Information supplied:
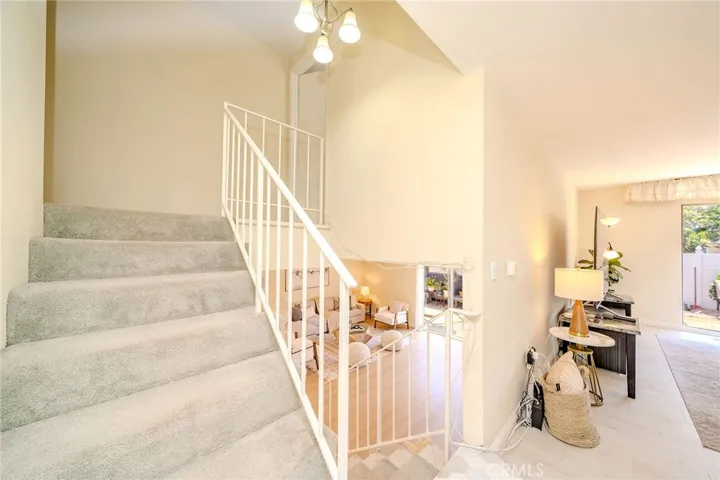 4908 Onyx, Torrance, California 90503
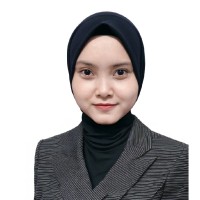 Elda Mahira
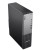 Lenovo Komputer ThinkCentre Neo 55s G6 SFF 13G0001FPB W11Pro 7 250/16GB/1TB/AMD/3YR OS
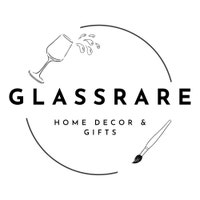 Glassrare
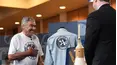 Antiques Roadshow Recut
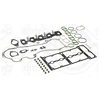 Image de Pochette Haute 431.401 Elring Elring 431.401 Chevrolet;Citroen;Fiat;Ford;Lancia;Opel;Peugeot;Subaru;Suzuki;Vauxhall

Exercise details: Output the data above exactly. Drop every picture.

Result:
 4908 Onyx, Torrance, California 90503
 Elda Mahira
 Lenovo Komputer ThinkCentre Neo 55s G6 SFF 13G0001FPB W11Pro 7 250/16GB/1TB/AMD/3YR OS
 Glassrare
 Antiques Roadshow Recut
 Image de Pochette Haute 431.401 Elring Elring 431.401 Chevrolet;Citroen;Fiat;Ford;Lancia;Opel;Peugeot;Subaru;Suzuki;Vauxhall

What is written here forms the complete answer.